Do not drag me away with the wicked,
with those who do evil,
who speak cordially with their neighbors
but harbor malice in their hearts.
Repay them for their deeds
and for their evil work;
repay them for what their hands have done
and bring back on them what they deserve.
- Psalm 28:3-4
“Let evil recoil on those who slander me;
in your faithfulness destroy them.
- Psalm 54:5
“‘Do not hate a fellow Israelite in your heart. Rebuke your neighbor frankly so you will not share in their guilt.
- Leviticus 19:17
Whoever spares the rod hates their children, but the one who loves their children is careful to discipline them.
- Proverbs 13:24
Whoever heeds discipline shows the way to life, but whoever ignores correction leads others astray.
- Proverbs 10:17
“A good way to use the ‘Cursing’ Psalms is in some such way as this-‘Do not I hate them, O Lord, that hate Thee? … I hate them with perfect hatred.’ Ask yourself what is it that hates God? Nothing and no one hates God half as much as the wrong disposition in you does. The carnal mind is ’enmity against God’; what we should hate is this principle that lusts against the Spirit of God and is determined to have our bodies and minds and rule them away from God. The Spirit of God awakens in us an unmeasured hatred of that power until we are not only sick of it, but sick to death of it, and we will gladly make the moral choice of going to its funeral. The meaning of Romans 6:6 is just this put into Scriptural language—’Knowing this, that our old man is crucified with him.’ The ‘old man’ is the thing the Spirit of God will teach us to hate, and the love of God in our hearts concentrates our soul in horror against the wrong thing. Make no excuse for it. The next time you read those Psalms, which people think are so terrible, bring this interpretation to bear on them.”

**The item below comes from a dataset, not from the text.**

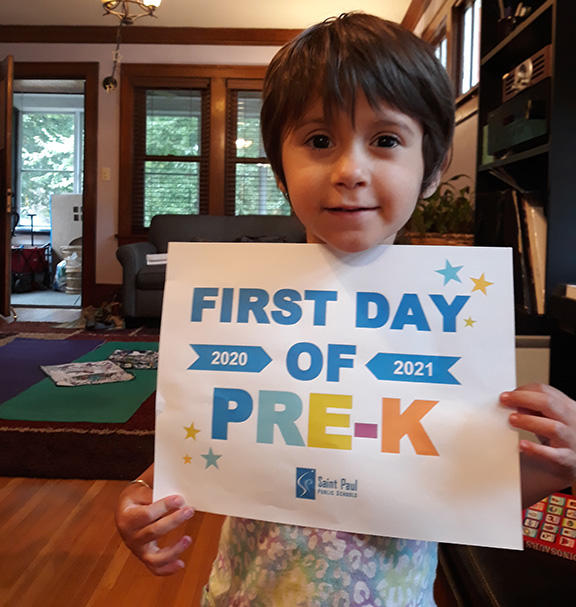 SPPS_News's tweet photo. Happy first day of school to our kindergarteners and Pre-K students!
Don't forget to send us your first day photos on our website or on social media using hashtag #SPPSFirstDay. https://t.co/5KwcwsofCK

- Oswald Chambers, Biblical Psychology (Daily thoughts for Disciples, August 5)
The two youngest grandchildren do not like each other. Okay, the younger one may have a twisted idea of liking someone.
The eleven-year-old granddaughter is an introvert. She naturally wants her space, and she is ready to defend her space.
Her eight-year-old brother, almost nine and old enough to know better, is an extrovert, but he takes it too far. He has been told hundreds of times not to violate other people’s personal space. As his fifteen-year-old brother states, “If the other person is close enough to punch you in the nose, you are too close. Back out of range and they may not even get mad at you.”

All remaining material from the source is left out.